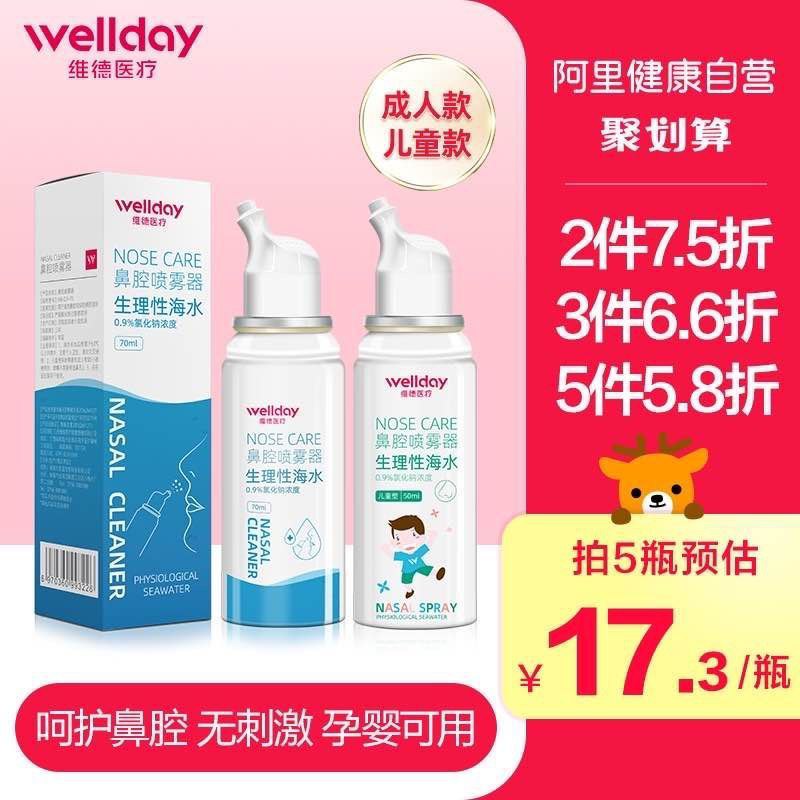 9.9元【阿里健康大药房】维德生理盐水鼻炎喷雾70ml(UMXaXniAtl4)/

------------------------------

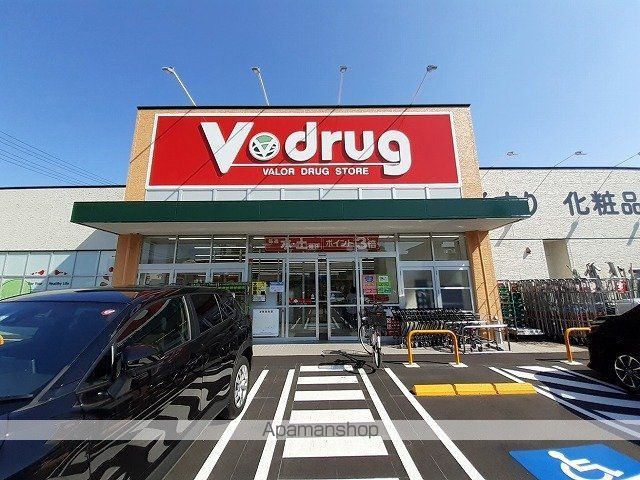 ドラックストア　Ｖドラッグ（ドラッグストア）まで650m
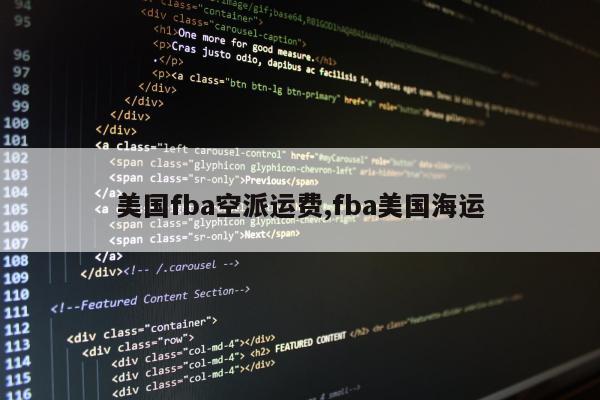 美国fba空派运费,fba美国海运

------------------------------

» **Brief**
All that should appear in the answer is the lines above from the line with "ドラックストア　Ｖドラッグ（ドラッグストア）まで650m" through the line with "美国fba空派运费,fba美国海运", retyped exactly, pictures left out.

» **Response**
 ドラックストア　Ｖドラッグ（ドラッグストア）まで650m
 美国fba空派运费,fba美国海运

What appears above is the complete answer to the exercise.